Adem Uğur = (Uhud'da) iki ordu karşılaştığı gün, sizi bırakıp gidenleri, sırf işledikleri bazı hatalar yüzünden şeytan (yerlerinden) kaydırmıştı. Yine de Allah onları affetti. Çünkü Allah, çok bağışlayıcıdır, halîmdir.
Ahmed Hulusi = İki ordu karşı karşıya geldiğinde sizden kaçanlar, bunu, şeytanın (vehmin) kendilerinde oluşmuş yanlış fikirleri tahrik etmesi sonucu ortaya koymuşlardır. Allâh onları affetti. Allâh Ğafûr'dur, Haliym'dir.
Ahmet Tekin = Uhut’ta iki ordu karşılaştığı gün, sizden uzaklaşarak, başına buyruk hareket edenleri, sırf işledikleri bazı hatalar yüzünden şeytan yerlerinden kaydırdı, ayırdı. Yine de Allah onları sorgusuz sualsiz affetti.
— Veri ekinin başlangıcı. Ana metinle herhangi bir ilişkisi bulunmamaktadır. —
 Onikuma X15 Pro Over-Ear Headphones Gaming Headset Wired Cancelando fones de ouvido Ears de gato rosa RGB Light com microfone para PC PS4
Allah kullarını daima koruma kalkanına alır, çok bağışlayıcı, kudretli, âdil ve müsamahakârdır, fırsatlar ve imkânlar tanır.
Ahmet Varol = İki topluluğun karşılaştığı gün şeytan, işlemiş oldukları bazı şeyler dolayısıyla sizden yüz çevirenlerin ayaklarını kaydırmak istemişti. Şüphesiz Allah onları bağışlamıştır. Allah çok bağışlayıcı, çok hilim sahibidir.
Ali Bulaç = İki topluluğun karşı karşıya geldikleri gün, sizden geri dönenleri, kazandıkları bazı şeyler dolayısıyla şeytan onların ayağını kaydırmak istemişti. Ama andolsun ki, Allah onları affetti. Şüphesiz Allah, bağışlayandır, yumuşak olandır.
Ali Fikri Yavuz = Uhud savaşında iki ordu karşılaştığı gün içinizden arka çevirip geri dönenler (var ya!), hakikaten onları, Peygamberin emrine aykırı hareket etmeleri yüzünden, şeytan kaydırmak istedi. Bununla beraber (tevbe ettiklerinden) Allah onları bağışladı. Gerçekten Allah çok bağışlayıcıdır, azâbı geciktiricidir.
Ali Ünal = İki ordunun karşı karşıya geldiği o gün içinizden arkasını dönüp kaçanlar var ya, işlemiş oldukları birtakım günahlar sebebiyle şeytan onların ayaklarını kaydırmaya yeltenmişti. Fakat Allah, onları affetti. Şüphesiz Allah, çok bağışlayandır, kullarının hataları karşısında çok sabırlı, çok müsamahalıdır.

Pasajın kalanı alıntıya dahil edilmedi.